He stated that before a business could be designated as a qualified enterprise zone, the business had to meet certain requirements. He said that 50 percent of its employees must perform substantially all of their work within the zone, and a business established after the zone was created must employ 25 percent of its workforce from the targeted workforce. Mr. Nutt explained that the workers had to be residents of Kentucky, and the workers had to either live in the zone, or have been unemployed or have received public assistance for at least 90 days prior to their being employed by an enterprise zone business. He said that if a business was established before the zone was created, it could qualify by increasing employment by 20 percent with 25 percent of the new workers meeting the requirements for the targeted workforce, or by increasing investment within the zone by 20 percent.
He said that several types of tax incentives were available through the Enterprise Zone Program. He stated that a qualified business was allowed to take a credit against its corporate income tax. The tax credit amounted to 10 percent of the wages paid to each employee who met the targeted workforce requirement, with the maximum credit being $1,500 per employee. He said that qualified business were also exempt from the motor vehicle use tax for commercial vehicles and non-commercial vehicles (first $20,000 of retail price) that were used only for business purposes. He also said that a third tax incentive was a sales and use tax exemption for the purchase of new and used machinery and equipment. He said that the final tax incentive was an exemption from the sales and use tax for building materials. The building materials could only be used for remodeling, rehabilitation, or new construction in the zone. The incentive was also available to individuals living in the zone and all firms located in the zone.

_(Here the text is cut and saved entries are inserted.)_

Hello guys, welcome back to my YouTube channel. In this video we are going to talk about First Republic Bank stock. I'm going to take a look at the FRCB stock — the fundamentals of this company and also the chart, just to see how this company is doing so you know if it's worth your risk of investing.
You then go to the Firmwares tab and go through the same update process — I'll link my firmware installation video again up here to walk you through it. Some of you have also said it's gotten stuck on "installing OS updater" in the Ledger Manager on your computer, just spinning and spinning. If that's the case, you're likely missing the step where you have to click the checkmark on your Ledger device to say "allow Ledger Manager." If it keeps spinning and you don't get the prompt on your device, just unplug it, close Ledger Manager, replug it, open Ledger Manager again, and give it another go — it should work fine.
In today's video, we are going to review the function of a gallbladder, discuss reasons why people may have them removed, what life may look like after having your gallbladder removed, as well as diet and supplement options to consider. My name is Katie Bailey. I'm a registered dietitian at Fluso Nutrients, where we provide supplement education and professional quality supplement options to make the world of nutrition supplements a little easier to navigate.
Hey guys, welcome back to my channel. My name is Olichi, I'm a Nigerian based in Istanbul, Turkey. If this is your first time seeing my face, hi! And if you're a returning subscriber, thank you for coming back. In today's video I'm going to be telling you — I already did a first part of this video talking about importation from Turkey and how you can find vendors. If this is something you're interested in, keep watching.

Mr. Nutt stated that 11 of the 14 states that Kentucky competed with in attracting new businesses had enterprise zone programs. He said that Tennessee, Mississippi and West Virginia did not have state-run enterprise zone programs. He said that some differences existed between Kentucky’s enterprise zone program and other states’ programs. Some states restricted zone-related benefits to specific types of businesses; enterprise zone benefits in Kentucky are available to all types of businesses. He said that Kentucky’s program also offered a wider range of tax incentives than other programs. He stated that research relating to enterprise zone benefits had been limited because the conditions within the zones could only be approximated and the effects specific to the enterprise zone could not be isolated. He also said that research indicated that the enterprise zone programs may not be attracting many firms from outside the state. He said that the zones benefited from movement of firms within the state, but the state as a whole did not. He stated that research also revealed that existing firms in the zone may be substituting machinery for labor, which would lead to a negative impact on employment.
Rep. Sims asked how Hickman, Louisville, and Ashland became Kentucky Enterprise Zones. Mr. Nutt stated that initially legislation specified that there could be seven zones across the state, but later legislation allowed 10 zones throughout the state. He said that there are two conditions to qualify: high unemployment or low income, or a declining population of at least 10 percent.

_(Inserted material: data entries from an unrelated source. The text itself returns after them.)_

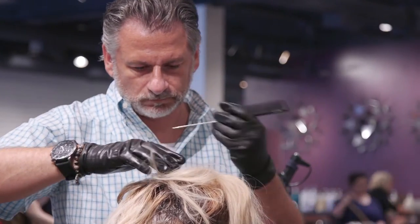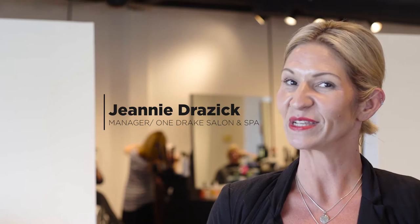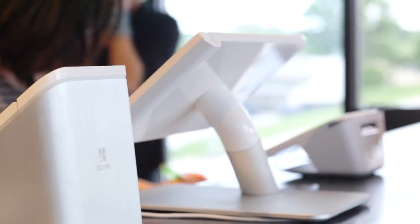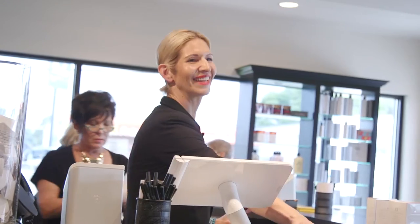We're a large small business, but we've got really successful, really busy stylists here. We just computerized with our POS system and it was Clover. My name is Jeanne Dracic and we are at One Drake Place Salon & Spa and I'm the front desk manager.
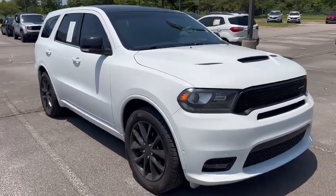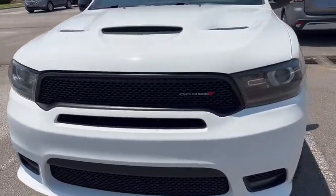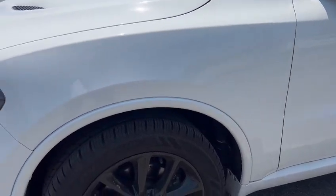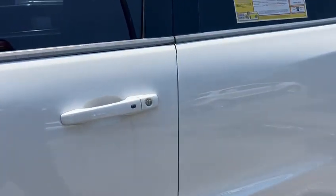Hey guys, this one here is for the sports car lovers — beautiful 2018 Dodge Durango RT. This one does have the 5.7 Hemi engine inside of it, beautiful black on black wheels on it, keyless entry on the front doors.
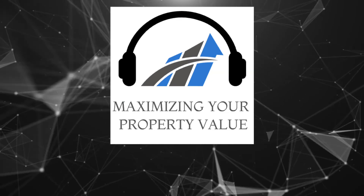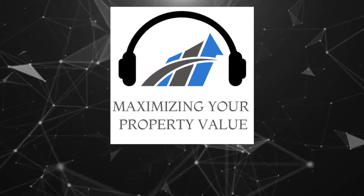Want to hear more on this topic? Click the link below for the full episode of Maximizing Your Property Value.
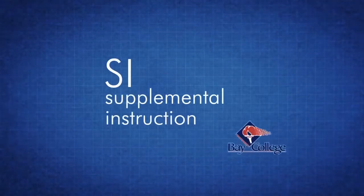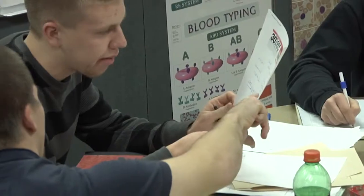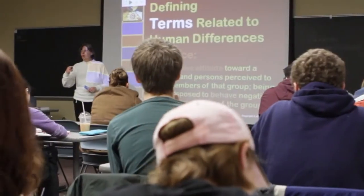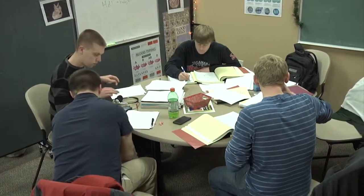Supplemental Instruction, or SI, is an internationally used student support service that's attached to traditionally difficult courses. Not only does it improve the average grade for a particular course section, it also offers students a variety of study techniques which they can apply to all of their other coursework as well. SI sessions are guided group study sessions that are facilitated by a trained SI leader.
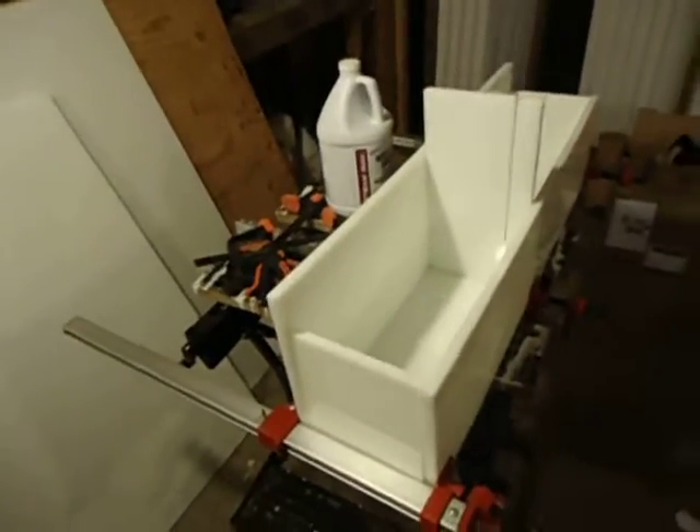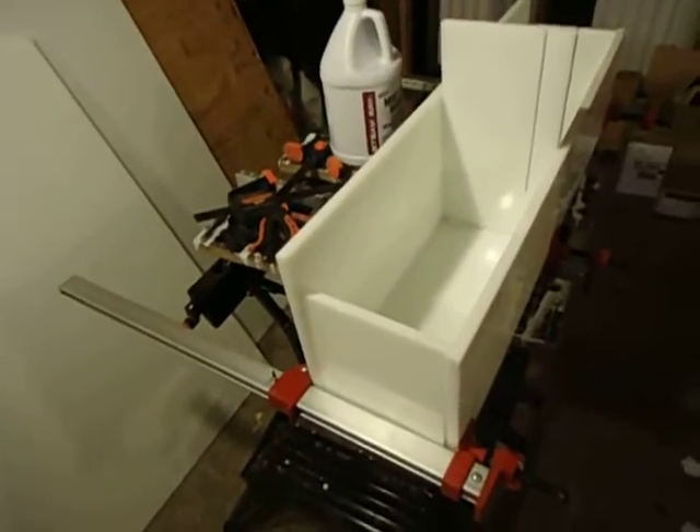Well folks, here we are in Santa's workshop here in the great Northwest. A whole bunch of plastic, HDPE half-inch sheets.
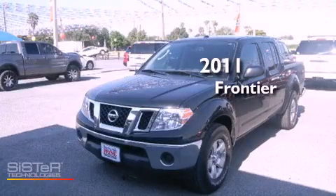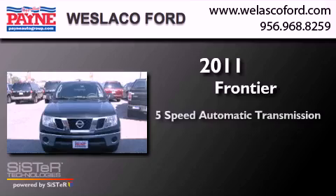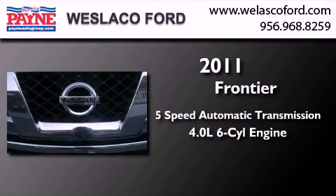This is a 2011 Nissan Frontier. This truck has a 5-speed automatic transmission and a 4.0L V6.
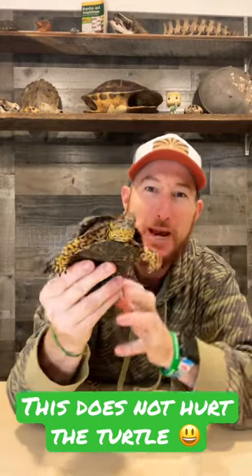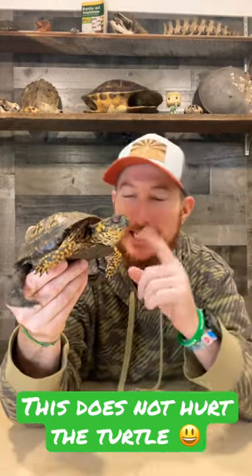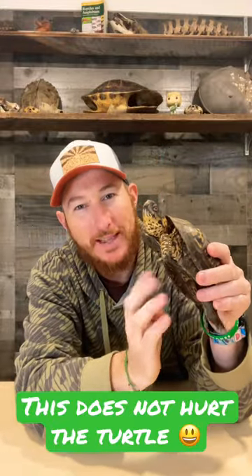Hey nature freaks, check out Speedy, the male eastern box turtle. Today he's going to be showing you just how box turtles work and how they get their name.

Rep. Sims stated that Hopkinsville and Louisville should have a high employment rate. Mr. Nutt stated that the zones were not actually the city, but certain parts within the city.
Mr. Nutt stated that data from the Kentucky Revenue Cabinet indicated that at least $14 million in tax incentives was taken through the enterprise zones in Fiscal Year 2002, but information supplied by the Kentucky Enterprise Zone Authority showed that approximately $62 million in tax incentives may have been taken in Fiscal Year 2002. He said that the difference between the two estimates could be attributed to purchases from out-of-state suppliers. He stated that based on data obtained from the Kentucky Enterprise Zone Authority’s annual monitoring report for Fiscal Year 2002, the sales and use tax exemption accounted for approximately 79 percent of all tax credits taken, the motor vehicle usage tax exemption accounted for 19 percent of the credits, and the corporate income tax credit accounted for 2 percent of the credits taken.

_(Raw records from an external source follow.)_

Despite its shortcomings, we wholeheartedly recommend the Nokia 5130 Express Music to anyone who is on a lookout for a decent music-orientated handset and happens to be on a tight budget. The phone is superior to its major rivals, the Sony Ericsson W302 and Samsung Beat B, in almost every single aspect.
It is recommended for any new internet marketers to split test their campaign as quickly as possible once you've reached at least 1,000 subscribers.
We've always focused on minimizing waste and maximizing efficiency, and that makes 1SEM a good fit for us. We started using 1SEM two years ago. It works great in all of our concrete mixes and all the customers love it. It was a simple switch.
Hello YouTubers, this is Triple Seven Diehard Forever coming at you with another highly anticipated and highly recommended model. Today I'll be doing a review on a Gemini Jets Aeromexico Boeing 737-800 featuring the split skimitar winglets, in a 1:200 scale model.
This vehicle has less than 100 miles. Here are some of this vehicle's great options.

Sen. Stine asked if the sales and use tax on vehicles was different from the property tax. Mr. Nutt stated that was correct. The enterprise zone exemption on vehicles was the motor vehicle usage tax.
Barry Boardman, Ph.D., LRC staff economist, stated that the tax incentives had not translated into measurable benefits for those living in enterprise zones. He said that the population in many of the zones had continued to decline, poverty rates had remained much higher than the national or state rates, and employment had made little improvement and remained much higher than nationally or in the state. He said that the poverty rate had actually increased in six of the ten zones. He also said that the poverty rates fell at a greater rate in the rest of the county, and they still remained as much as two to three times higher than the rest of the county within the zones.
Rep. Palumbo asked if the poverty rates had declined in the zones. Dr. Boardman stated that in four of the ten zones, there was a decline in the poverty rate.
He explained that zone incentives did not reach zone residents for several reasons. 1) Investment spending may increase as a result of the enterprise zone tax incentives, but the effect was likely to be small. 2) Much of the increased spending could take place outside of the state and the zone, therefore benefits occurred in other parts of the state and not in the enterprise zones. 3) Finally, firms could choose to retain the tax incentive, which would result in lower costs and greater profits for the firm.
Rep. Arnold asked if zone expansion had been allowed in some areas just to be near industry. He also asked if the expansions had been located adjacent to an enterprise area. Mr. Nutt explained that staff was able to determine that some of the approved expansion areas with zero population had been approved for undeveloped areas and were typically industrial sites. He stated that the expanded zones were linked continuously.
Sen. Seum asked if any monitoring had taken place, and if so, what agencies received the monitoring reports. Mr. Nutt stated that some monitoring had taken place and Kentucky was probably a little more advanced in monitoring than some of the other states. He also stated that the LRC received an annual report from the Kentucky Enterprise Zone Authority.
Sen. Seum asked if zone administrators were considered to be county employees or state employees, and had there been any studies conducted showing the impact of tax incentives at the local level. Mr. Nutt stated that the zone administrators were considered local employees, and that he was not aware of any studies showing the local impact of tax incentives.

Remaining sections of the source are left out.